Shelter is the most important asset. Find a place to hunker down and ride out the storm. Fire if you can build one, but in 40+ mph winds that going to be real tricky.
If your "shelter" has 40mph winds blowing through it, fire isn't going to help anyway. OTOH, short of finding yourself on flat rock or solid ice, it's pretty hard for someone experienced in finding and/or making a shelter to not come up with something better than that using only normal survival gear. Dig a hole, burrow into the snow, crawl under a boulder, whatever it takes to get out of that weather until it clears up enough to look for or make a better shelter. At a rough guess, I'd say 80% of the volume of my winter 72 hour kit is shelter-related.
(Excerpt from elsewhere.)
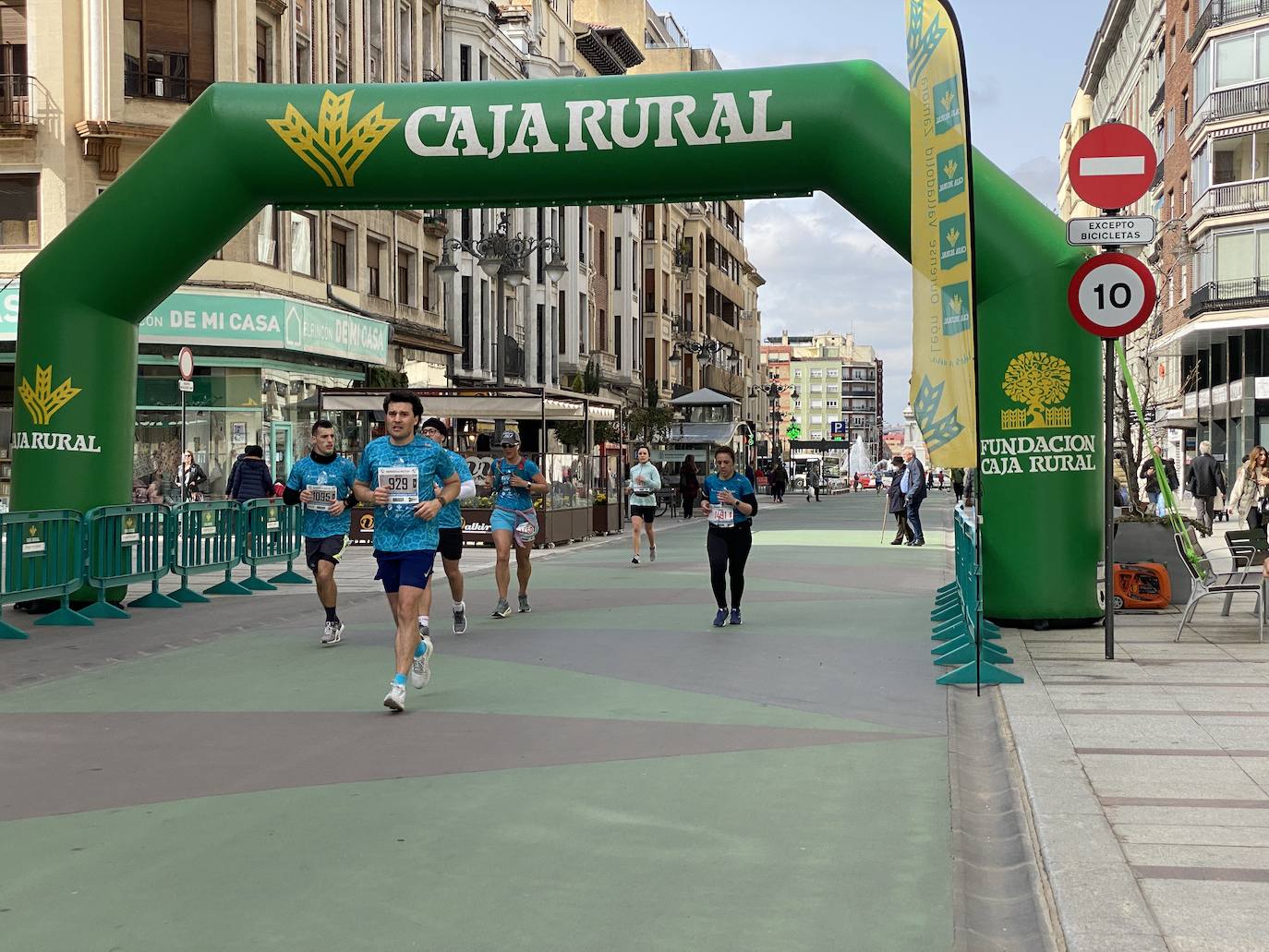 Fotos: La media maratón de León a su paso por Ordoño II (I)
A lot of that is multi-purpose, but I'm comfortable with relegating other tasks to only a fifth of the space when the weather warrants.
For summer, (here) I sometimes drop some of the shelter in favor of more water and/or water procurement, because the main shelter concerns become simply shade during the day and mosquito protection at night, with some provision for a rain cover for the occasional cold rain. (Otherwise, 80F overnight lows don't really make hypothermia an issue, and I've been in a few small summer storms here that were warm enough to make a very comfortable shower.) When I travel, I also alter the kit for the areas I'll be travelling through. (Usually by adding another bag, since I still want my "local" gear in case something happens in the first 150-200 miles.) If I were planning to be in an area where being stuck out in the middle of a huge expanse of solid rock or ice sheet would be a definite possibility, that would also warrant some significant gear changes, like a cold weather bivy sack, properly rated mummy bag and some rock/ice climbing gear.
What it boils down to is knowing some basic information about the area you're going into, the expected weather, and your personal limits.